1862年、グスタフ・クリムトはウィーン郊外で、金細工師の息子として生まれた。14歳でウィーン工芸美術学校に入学、絵画を学ぶかたわら、17歳の時には友人マッチュや弟エルンストとともに芸術カンパニーを立ち上げ、劇場や邸宅などの建築物のための装飾画を共同で手がけるようになる。

当時の人気画家、ハンス・マカルトに倣い、聖書や神話伝説からとった題材を、伝統的な技法で描き出した装飾画は、好評を博した。1888年、26歳のときには皇帝から勲章を授与されている。 
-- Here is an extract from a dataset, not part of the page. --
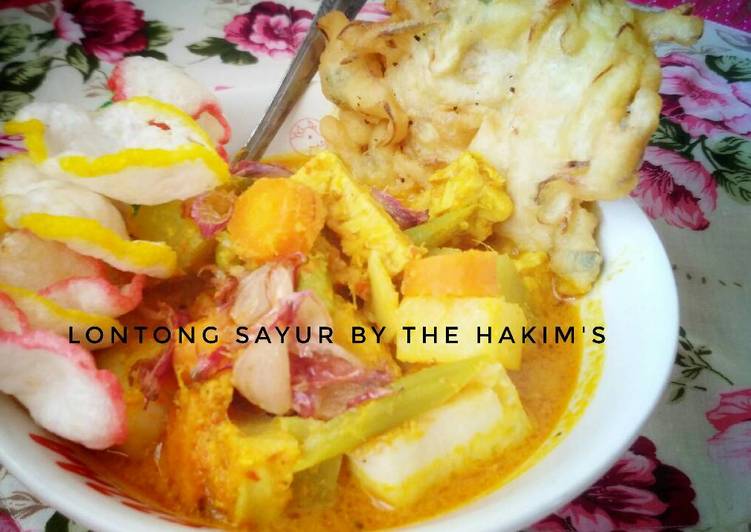 Bagaimana memasak Lontong Sayur Legend, Bisa Manjain Lidah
さらに1891年には、19世紀ウィーン美術界の中心的な存在だったウィーン造形芸術家協会(クンストラーハウス)の会員としても認められるなど、クリムトたちの未来は、明るく希望に満ちたものと見えた。しかし、1892年、事件が起きる。

7月にまず父が、そして12月には弟エルンストが亡くなったのである。同志でもあった弟の死は、カンパニーの解散にもつながった。これらの出来事はクリムトを打ちのめした。

これからどうするか。これまでのように、学校で教わった古臭い伝統的な技法で、ひたすらクライアントの意向に合わせた絵を描き続けていけば、安泰かもしれない。だが、それで本当に良いのか? もしかしたら、父のように若くして死ぬかもしれない。うつ病を発症した母のようになるかもしれない。それまでに、本当に自分のやりたいことをしないままでいいのか。

だが、自分のやりたいこと、自分ならではの絵、自分のスタイルとはいったいなんなのだろう。彼は何度も自分自身に問うた。そして1897年、クリムトは、仲間たちとともに、新たな造形表現を目指すグループ「分離派」を結成する。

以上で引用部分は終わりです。